You can do nice visualizations on maps using the folium package. Install it using:
pip install folium
Import essential packages:
import pandas as pd
import folium
from matplotlib import colors as mcolors
import matplotlib.pyplot as plt
Load up data:
# World cities downloaded from https://simplemaps.com/data/world-cities
cities = pd.read_csv("worldcities.csv")
cities.head()
city | city_ascii | lat | lng | country | iso2 | iso3 | admin_name | capital | population | id | |
---|---|---|---|---|---|---|---|---|---|---|---|
0 | Malishevë | Malisheve | 42.4822 | 20.7458 | Kosovo | XK | XKS | Malishevë | admin | NaN | 1901597212 |
1 | Prizren | Prizren | 42.2139 | 20.7397 | Kosovo | XK | XKS | Prizren | admin | NaN | 1901360309 |
2 | Zubin Potok | Zubin Potok | 42.9144 | 20.6897 | Kosovo | XK | XKS | Zubin Potok | admin | NaN | 1901608808 |
3 | Kamenicë | Kamenice | 42.5781 | 21.5803 | Kosovo | XK | XKS | Kamenicë | admin | NaN | 1901851592 |
4 | Viti | Viti | 42.3214 | 21.3583 | Kosovo | XK | XKS | Viti | admin | NaN | 1901328795 |
Get the ten largest Swedish cities:
swedish_cities = cities[cities.country == "Sweden"]
swedish_cities.sort_values(by="population", ascending=False)[:10]
city | city_ascii | lat | lng | country | iso2 | iso3 | admin_name | capital | population | id | |
---|---|---|---|---|---|---|---|---|---|---|---|
2789 | Stockholm | Stockholm | 59.3508 | 18.0973 | Sweden | SE | SWE | Stockholm | primary | 1264000.0 | 1752425602 |
2780 | Göteborg | Goteborg | 57.7500 | 12.0000 | Sweden | SE | SWE | Västra Götaland | admin | 537797.0 | 1752059374 |
2786 | Malmö | Malmo | 55.5833 | 13.0333 | Sweden | SE | SWE | Skåne | admin | 269349.0 | 1752705818 |
2793 | Uppsala | Uppsala | 59.8601 | 17.6400 | Sweden | SE | SWE | Stockholm | NaN | 133117.0 | 1752330831 |
2774 | Västerås | Vasteraas | 59.6300 | 16.5400 | Sweden | SE | SWE | Västmanland | admin | 107194.0 | 1752826955 |
2776 | Örebro | Orebro | 59.2803 | 15.2200 | Sweden | SE | SWE | Örebro | admin | 98573.0 | 1752223019 |
2782 | Linköping | Linkoping | 58.4100 | 15.6299 | Sweden | SE | SWE | Östergötland | admin | 96732.0 | 1752963378 |
2796 | Helsingborg | Helsingborg | 56.0505 | 12.7000 | Sweden | SE | SWE | Skåne | minor | 91304.0 | 1752789933 |
2783 | Jönköping | Jonkoping | 57.7713 | 14.1650 | Sweden | SE | SWE | Jönköping | admin | 89780.0 | 1752079041 |
2802 | Norrköping | Norrkoping | 58.5954 | 16.1787 | Sweden | SE | SWE | Östergötland | minor | 88639.0 | 1752803583 |
Plot them on a map:
#Center on biggest Swedish city, Stocholm
number_of_largest_cities = 10
sorted_n_largest_cities = swedish_cities.sort_values(by="population", ascending=False)[:number_of_largest_cities]

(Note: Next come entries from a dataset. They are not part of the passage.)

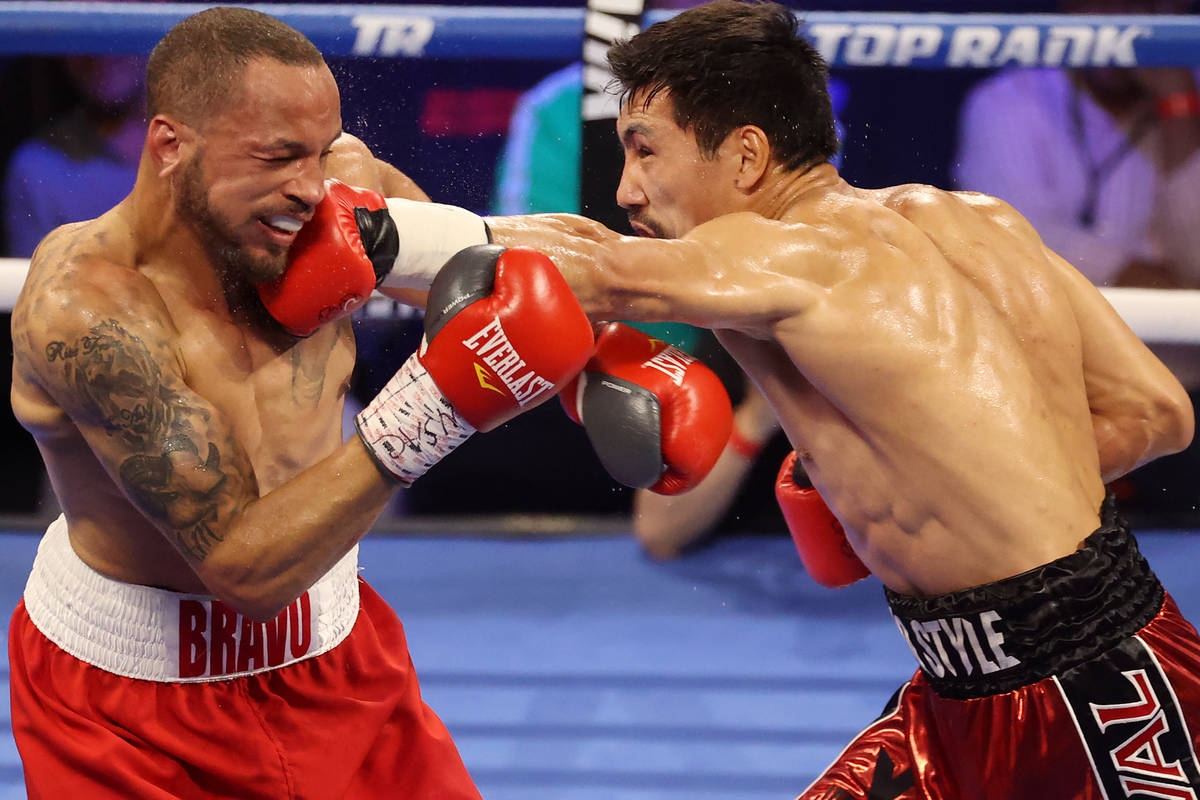 Janibek Alimkhanuly, right, connects a punch against Rob Brant, in the fourth round of the midd ...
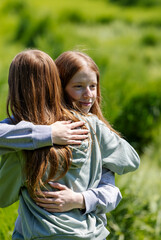Sisters embrace in green field during warm, sunny day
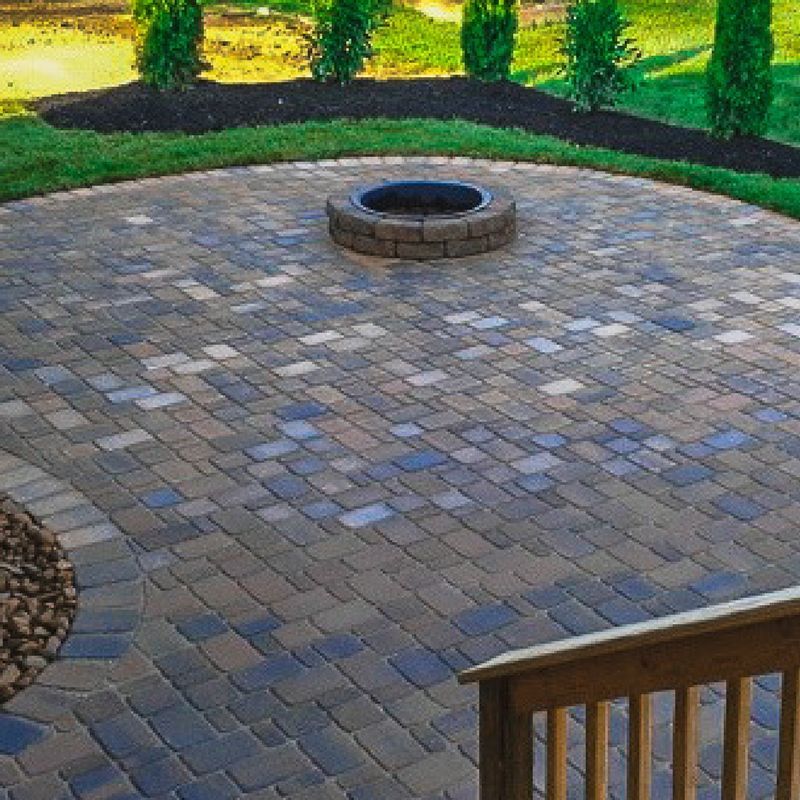 A circular paver patio with a stone fire pit in the center, bordered by small evergreen trees and a wooden deck railing.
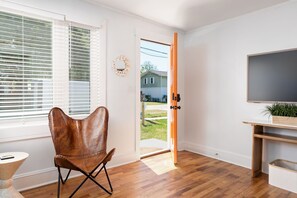 Ein Zimmer mit Holzboden, einem braunen Ledersessel, einem Fernseher auf einem Holzgestell und einer zur Außenseite führenden Tür.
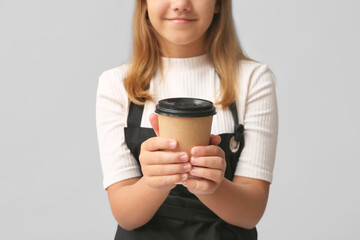 Teenage barista with takeaway cup of coffee on grey background, closeup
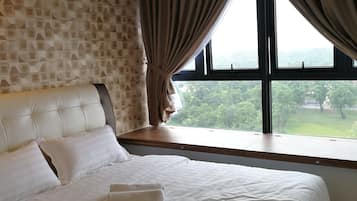 Apartment, 2 Bedrooms, City View, Garden Area | 1 bedroom, desk, soundproofing, iron/ironing board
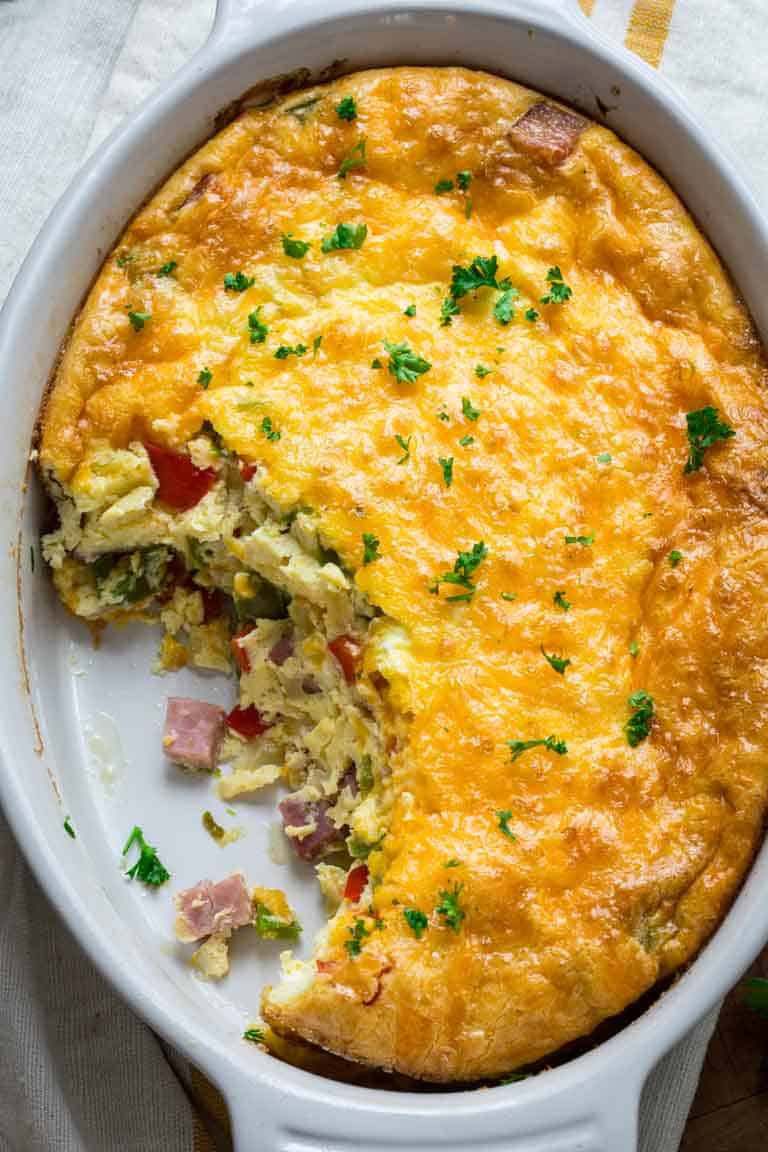 This easy and family friendly Baked Denver Omelet serves 8 and is ready in just 45 minutes! Bonus... it’s great reheated and even makes an awesome lunch or dinner. | Healthy Seasonal Recipes | Katie Webster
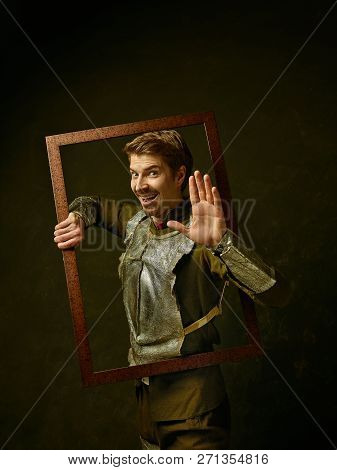 Medieval Knight On Dark Studio Background. Portrait In Low Key Of Brutal Man In Tradishional Retro C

lat = sorted_n_largest_cities.iloc[0].lat
long = sorted_n_largest_cities.iloc[0].lng
m = folium.Map(
location=[lat, long],
zoom_start=5
)
for idx, city in sorted_n_largest_cities.reset_index().iterrows():
color = mcolors.rgb2hex(plt.cm.Set1.colors[idx % len(plt.cm.Set1.colors)])
folium.CircleMarker(
location=[city.lat, city.lng],
radius=city.population / swedish_cities.population.max() * 30,
fill=True,
fill_color=color,
color=color,
popup="City: {}. Population: {:,}".format(city.city, int(city.population))
).add_to(m)
m
And now you have a nice plot of Swedish cities with circle sizes based on population.